Currently, I have created two 32-byte variables at specific memory addresses. myvar is at 0x8C200000, and myvar2 is at 0x8C204000, exactly 16kb away in memory. The idea is reading myvar, then myvar2, then myvar1 again should incur a cache hit, as they overlap in the direct memory mapping of the cache.
So what i've done is init the PMCR counter 1 to Operand cache read miss mode, like so:
Code: Select all
PMCR_Init(1, PMCR_OPERAND_CACHE_READ_MISS_MODE, PMCR_COUNT_CPU_CYCLES) ;
then I have a frameloop that runs over and over again. The idea is myvar and myvar2 are global variables (hence their absolute memory locations), and in the frameloop function, there is a local variable T, which I'm reading myvar and myvar2 into. First, I read myvar into T, to access memory location 0x8C200000 theoretically into cache, then print out the results. Then I restart the PMCR counter, which resets it back to 0 from last read, and starts it counting.
next, I read myvar2 into T, which access memory location 0x8C204000, which should overwrite the cache line myvar was at, invalidating the cache line and causing a cache read miss. After doing this, I read the counter into a 64-bit ValueRead variable, then print it out. All done like so:
Code: Select all
int T;
T = myvar[0];
printf("Prior to PMCR restart part 1: t = %d\n", T);
PMCR_Restart(1, PMCR_OPERAND_CACHE_READ_MISS_MODE, PMCR_COUNT_CPU_CYCLES) ;
T = myvar2[0];
ValueRead = PMCR_Read(1);
printf("PerfCount Cache Miss result: %llu\n", ValueRead);
printf("Post-PMCR read: t = %d\n", T);
The problem is ValueRead, the result of the counter, fluxuates wildly and doesn't appear to be counting cache misses this way.
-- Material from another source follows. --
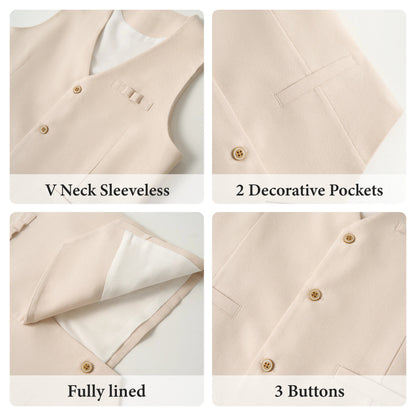 4Pcs Boys Linen Suit Dress Clothes Kids Graduation Wedding Outfit Shirt Vest Pants Set with Bow Tie 5-12 Years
If I let it run in the loop, ValueRead will jump between 2-3 regularly. If I change the read inside the loop to T=myvar[0], which shouldn't invalidate the cache line, ValueRead will jump between 1-2 regularly, which to me looks like the cache line is indeed being used. But, again, the problem appears to be that the counter isn't actually counting the cache misses. I'm not sure what exactly it is counting, but it appears to just be counting CPU cycles since PMCR_Restart(1, PMCR_OPERAND_CACHE_READ_MISS_MODE, PMCR_COUNT_CPU_CYCLES), not the actual number of cache misses. If I stall for time inside the loop to make it eat up more time, then the ValueRead result of the counter will increase, even if i'm not reading or writing out to any other memory locations and thus can't be thrashing my cache.
Anyone ever tried to count cache misses using DreamHAL, and if so, any insight on how to do it properly?